Data segment:
────
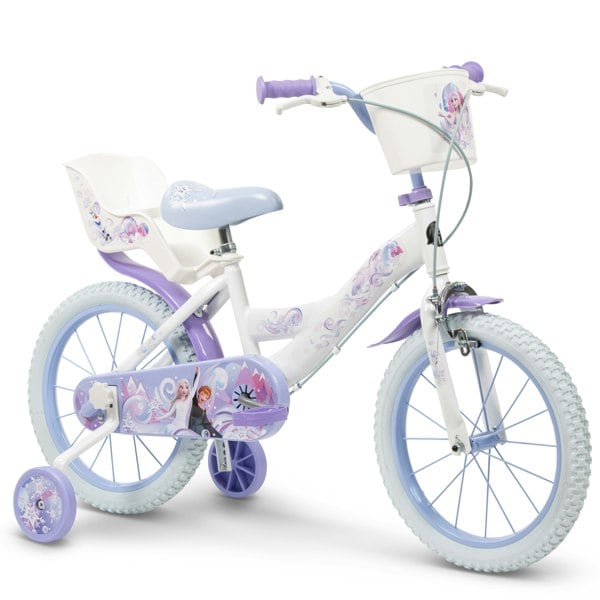 Toimsa Disney Frozen 16" Bicycle - White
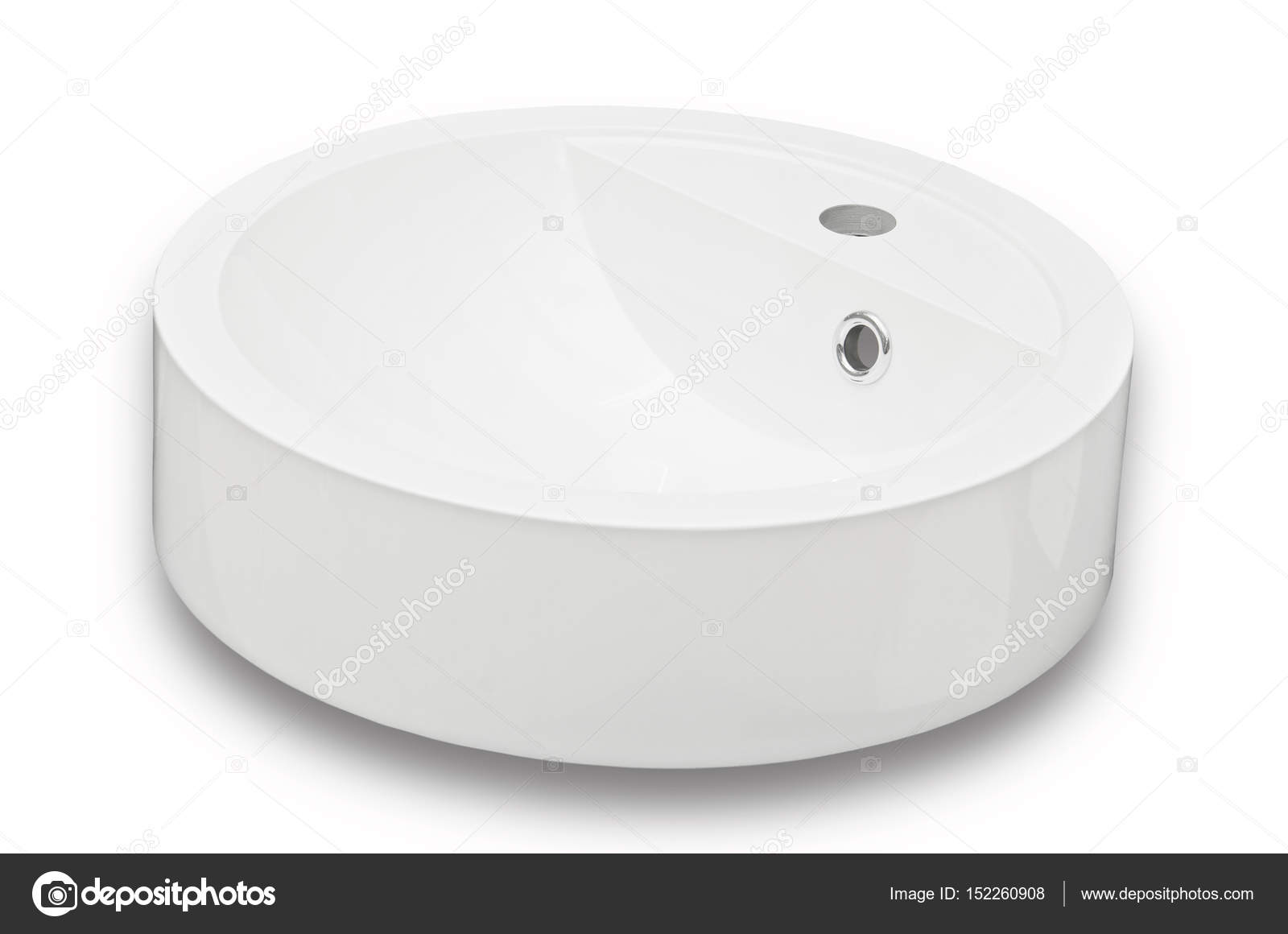 Weiße Keramik Oval (Runde) Waschbecken für Bad — Stockfoto © Dudaeva ... Weiße Keramik Oval (Runde) Waschbecken für Bad — Stockfoto © Dudaeva ...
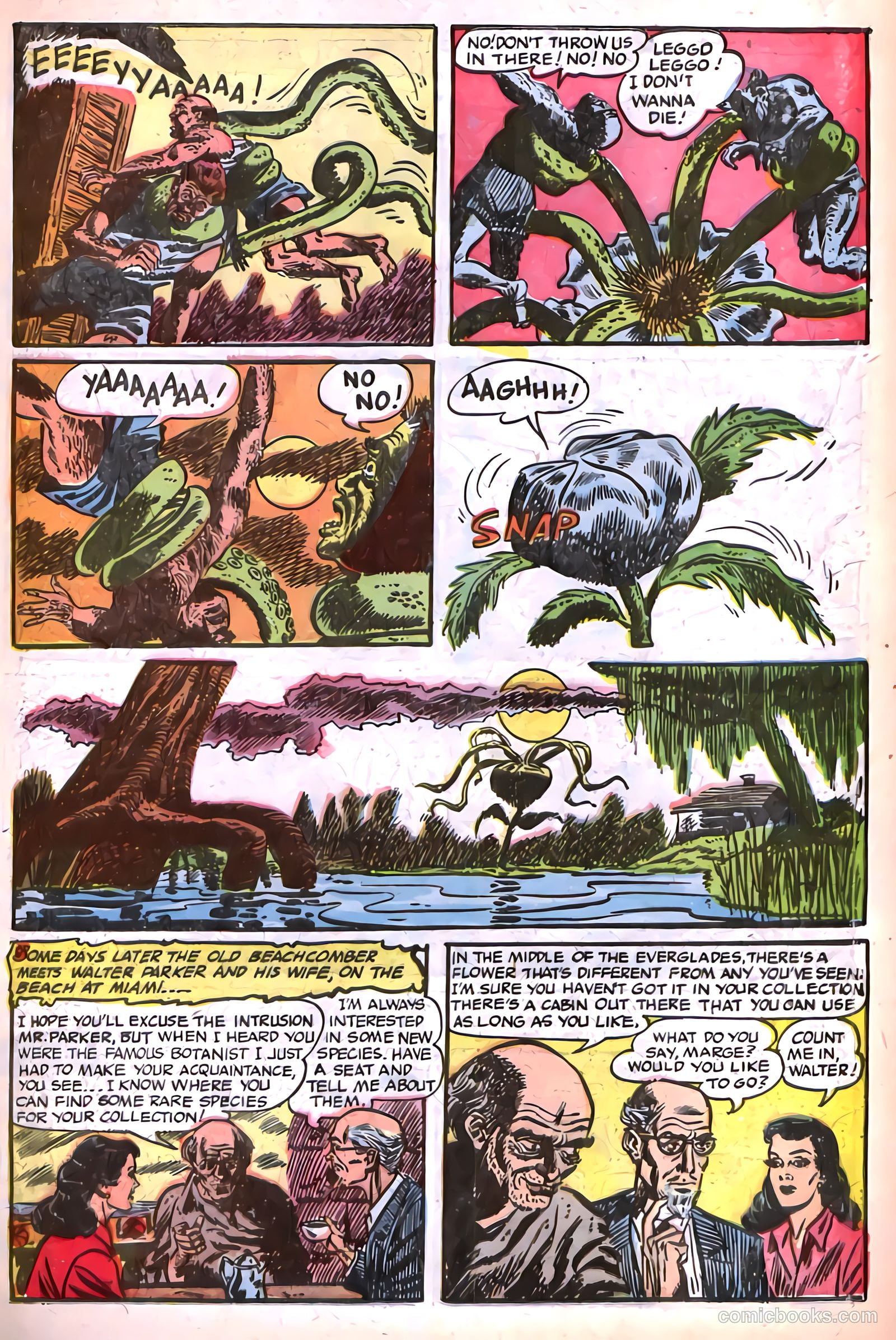 Tales of Horror #11 (1954) — page 15 of 36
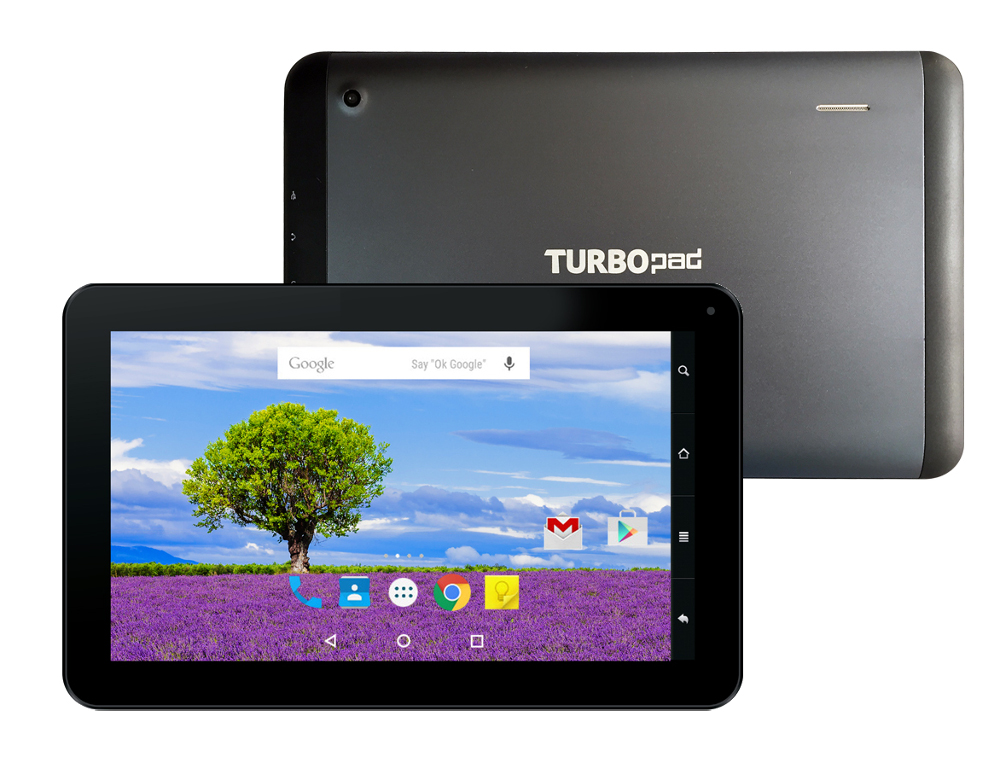 Turbo TurboPad 912 NEW MTK8321 1.2 GHz/1024Mb/8Gb/GPS/Wi-Fi/3G/Bluetooth/Cam/9.0/1024x600/Android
────
Exercise description:
Exactly as written, copy out the listing, but without any pictures.

Task solution:
 Toimsa Disney Frozen 16" Bicycle - White
 Weiße Keramik Oval (Runde) Waschbecken für Bad — Stockfoto © Dudaeva ... Weiße Keramik Oval (Runde) Waschbecken für Bad — Stockfoto © Dudaeva ...
 Tales of Horror #11 (1954) — page 15 of 36
 Turbo TurboPad 912 NEW MTK8321 1.2 GHz/1024Mb/8Gb/GPS/Wi-Fi/3G/Bluetooth/Cam/9.0/1024x600/Android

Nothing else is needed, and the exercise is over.